Under our criteria, the rating on monoline-insured debt reflects the higher of the rating on the monoline insurer and Standard & Poor's underlying rating. Therefore, the rating on the senior unsecured debt guaranteed by Assured Guaranty (Europe) Ltd. reflects the higher SPUR.
The stable outlook reflects our view that U. K.-based GDN companies Scotland Gas Networks and Southern Gas Networks will maintain a strong operational performance. The outlook also assumes that the consolidated group at the level of Scotia Gas Networks Ltd. (Scotia Gas; not rated)--which is the focus of our analysis--will exhibit a stable financial profile. In particular, we anticipate that the group's adjusted FFO to debt will remain sustainably above 9%.
We could consider lowering the ratings if Scotia reports a weaker operating performance or reduced profitability, which could result from cost overruns, compared with regulatory assumptions.

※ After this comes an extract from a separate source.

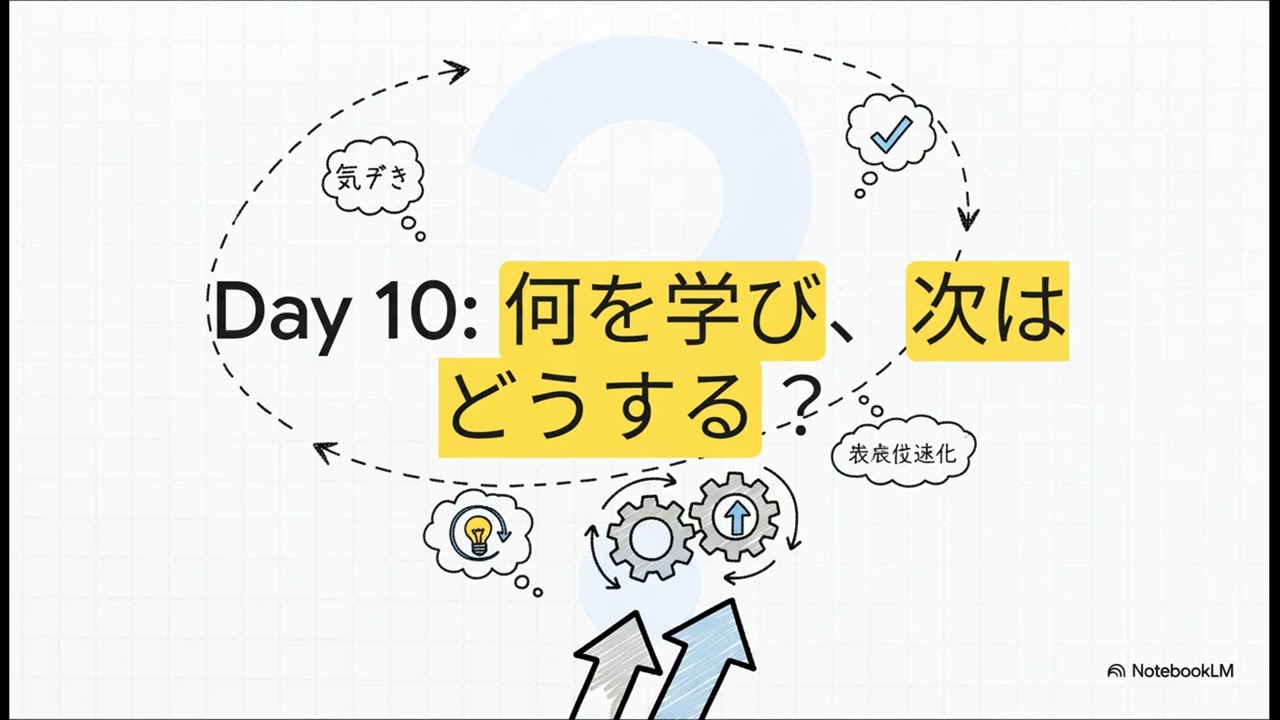 5行動革命：試す人になる10日間チャレンジ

We could also consider a negative rating action if our forecast for Scotia's adjusted FFO-to-debt ratio falls below 9% over an extended period. In addition, we could consider lower the ratings if we see a more aggressive shareholder attitude. This would be evident, for example, from higher dividend payouts than we anticipate. We understand that dividend payouts are discretionary.
We consider an upgrade unlikely in the near term. That said, we could consider raising the ratings if Scotia's financial profile improves significantly, for example, if adjusted FFO to debt comfortably exceeded 11% and financial policies became more moderate, resulting in lower leverage than current levels.